**HOW TO COMPLETE THIS TASK**
Lines from the line with "Serene Hill Arabic" to the line with "Pineapple. Seamless pattern" in the entries below, and only those, must be output exactly, with both ends included.

**Web page caption snippets**

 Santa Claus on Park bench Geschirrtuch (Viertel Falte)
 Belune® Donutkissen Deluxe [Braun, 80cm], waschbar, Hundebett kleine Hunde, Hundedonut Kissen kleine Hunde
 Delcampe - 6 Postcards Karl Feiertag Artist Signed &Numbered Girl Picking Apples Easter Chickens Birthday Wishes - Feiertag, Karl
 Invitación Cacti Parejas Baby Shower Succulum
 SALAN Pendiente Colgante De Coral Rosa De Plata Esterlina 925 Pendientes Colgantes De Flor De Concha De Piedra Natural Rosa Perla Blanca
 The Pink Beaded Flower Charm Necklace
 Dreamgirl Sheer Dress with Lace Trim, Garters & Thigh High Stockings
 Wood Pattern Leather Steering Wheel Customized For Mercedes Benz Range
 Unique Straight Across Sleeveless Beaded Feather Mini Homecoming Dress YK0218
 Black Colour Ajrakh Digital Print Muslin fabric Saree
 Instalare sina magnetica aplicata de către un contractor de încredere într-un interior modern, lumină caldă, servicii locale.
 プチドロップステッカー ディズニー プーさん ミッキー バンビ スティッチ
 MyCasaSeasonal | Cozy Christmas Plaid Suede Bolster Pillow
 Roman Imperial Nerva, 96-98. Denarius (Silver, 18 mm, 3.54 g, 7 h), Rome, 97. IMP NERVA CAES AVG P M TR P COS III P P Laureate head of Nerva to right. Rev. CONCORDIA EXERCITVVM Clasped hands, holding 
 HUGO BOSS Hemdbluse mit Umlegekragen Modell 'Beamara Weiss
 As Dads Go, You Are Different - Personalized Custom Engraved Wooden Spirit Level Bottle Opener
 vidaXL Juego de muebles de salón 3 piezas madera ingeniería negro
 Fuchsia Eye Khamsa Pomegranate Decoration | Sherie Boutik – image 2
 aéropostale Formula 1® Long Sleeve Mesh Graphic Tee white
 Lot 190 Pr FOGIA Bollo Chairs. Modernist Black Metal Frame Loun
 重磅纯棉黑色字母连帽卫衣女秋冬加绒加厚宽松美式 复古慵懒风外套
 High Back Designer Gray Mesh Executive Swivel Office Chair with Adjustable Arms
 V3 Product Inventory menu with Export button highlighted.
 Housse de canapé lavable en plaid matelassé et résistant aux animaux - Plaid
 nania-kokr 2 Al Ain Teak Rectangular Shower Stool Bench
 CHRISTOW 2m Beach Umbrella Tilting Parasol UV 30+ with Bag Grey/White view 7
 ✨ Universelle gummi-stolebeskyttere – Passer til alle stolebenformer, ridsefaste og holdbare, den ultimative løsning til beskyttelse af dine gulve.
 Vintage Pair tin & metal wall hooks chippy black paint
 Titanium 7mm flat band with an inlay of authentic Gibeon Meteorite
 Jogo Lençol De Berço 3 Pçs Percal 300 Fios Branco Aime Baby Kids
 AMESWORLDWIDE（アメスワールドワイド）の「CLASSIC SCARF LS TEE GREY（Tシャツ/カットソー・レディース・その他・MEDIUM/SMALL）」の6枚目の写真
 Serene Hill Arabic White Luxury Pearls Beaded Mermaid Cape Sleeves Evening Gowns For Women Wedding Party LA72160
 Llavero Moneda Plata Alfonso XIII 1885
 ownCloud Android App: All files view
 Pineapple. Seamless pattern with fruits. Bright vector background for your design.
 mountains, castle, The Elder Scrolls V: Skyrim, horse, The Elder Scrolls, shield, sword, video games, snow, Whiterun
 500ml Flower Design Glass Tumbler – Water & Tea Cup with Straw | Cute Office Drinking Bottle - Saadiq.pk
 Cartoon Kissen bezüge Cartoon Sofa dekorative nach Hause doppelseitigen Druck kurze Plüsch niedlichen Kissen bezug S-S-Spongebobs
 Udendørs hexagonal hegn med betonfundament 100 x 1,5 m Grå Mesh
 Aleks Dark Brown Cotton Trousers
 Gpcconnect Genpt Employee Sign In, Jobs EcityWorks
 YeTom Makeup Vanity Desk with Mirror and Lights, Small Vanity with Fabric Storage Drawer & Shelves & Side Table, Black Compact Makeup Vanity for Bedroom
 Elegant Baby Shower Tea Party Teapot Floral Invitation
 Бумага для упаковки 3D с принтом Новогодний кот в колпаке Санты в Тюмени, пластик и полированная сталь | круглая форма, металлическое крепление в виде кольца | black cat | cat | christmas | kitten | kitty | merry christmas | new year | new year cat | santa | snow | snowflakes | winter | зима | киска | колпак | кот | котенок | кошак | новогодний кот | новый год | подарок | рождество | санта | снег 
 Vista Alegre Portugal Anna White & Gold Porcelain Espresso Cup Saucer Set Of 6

**PROBLEM SOLUTION**
 Serene Hill Arabic White Luxury Pearls Beaded Mermaid Cape Sleeves Evening Gowns For Women Wedding Party LA72160
 Llavero Moneda Plata Alfonso XIII 1885
 ownCloud Android App: All files view
 Pineapple. Seamless pattern with fruits. Bright vector background for your design.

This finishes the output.